Bug in ginRedoRecompress that causes opaque data on page to beoverrun

Hi,

We recently encountered an issue where the opaque data flags on a gin data leaf page was corrupted while replaying a gin insert WAL record. Upon further examination of the redo code, we found a bug in ginRedoRecompress code, which extracts the WAL information and updates the page.

Specifically, when a new segment is inserted in the middle of a page, a memmove operation is performed [1] at the current point in the page to make room for the new segment. If this segment insertion is followed by delete segment actions that are yet to be processed and the total data size is very close to GinDataPageMaxDataSize, then we may move the data portion beyond the boundary causing the opaque data to be corrupted.
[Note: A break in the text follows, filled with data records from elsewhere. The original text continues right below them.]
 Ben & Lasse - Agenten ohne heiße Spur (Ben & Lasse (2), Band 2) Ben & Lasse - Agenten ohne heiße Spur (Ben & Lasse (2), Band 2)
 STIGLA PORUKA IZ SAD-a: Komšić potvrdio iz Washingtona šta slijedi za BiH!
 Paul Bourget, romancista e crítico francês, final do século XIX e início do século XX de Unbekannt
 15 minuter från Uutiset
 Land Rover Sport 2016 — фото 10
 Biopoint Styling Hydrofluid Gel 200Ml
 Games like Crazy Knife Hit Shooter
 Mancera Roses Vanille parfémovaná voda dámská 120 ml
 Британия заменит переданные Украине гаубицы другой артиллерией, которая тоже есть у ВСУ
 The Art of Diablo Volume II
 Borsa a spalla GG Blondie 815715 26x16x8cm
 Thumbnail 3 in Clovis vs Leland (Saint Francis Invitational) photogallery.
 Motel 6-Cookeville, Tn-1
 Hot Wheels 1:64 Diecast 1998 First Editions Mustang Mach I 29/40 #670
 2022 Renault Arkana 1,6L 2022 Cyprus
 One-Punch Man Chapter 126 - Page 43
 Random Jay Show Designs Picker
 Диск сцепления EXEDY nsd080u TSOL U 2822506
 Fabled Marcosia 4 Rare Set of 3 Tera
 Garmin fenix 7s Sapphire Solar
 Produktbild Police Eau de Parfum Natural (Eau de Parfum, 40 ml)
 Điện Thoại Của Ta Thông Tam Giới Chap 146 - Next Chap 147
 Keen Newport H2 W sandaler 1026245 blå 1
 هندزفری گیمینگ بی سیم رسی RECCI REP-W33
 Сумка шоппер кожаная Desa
One way of solving this problem is to perform the replay work on a scratch space, perform sanity check on the total size of the data portion before copying it back to the actual page. While it involves additional memory allocation and memcpy operations, it is safer and similar to the 'do' code path where we ensure to make a copy of all segment past the first modified segment before placing them back on the page [2].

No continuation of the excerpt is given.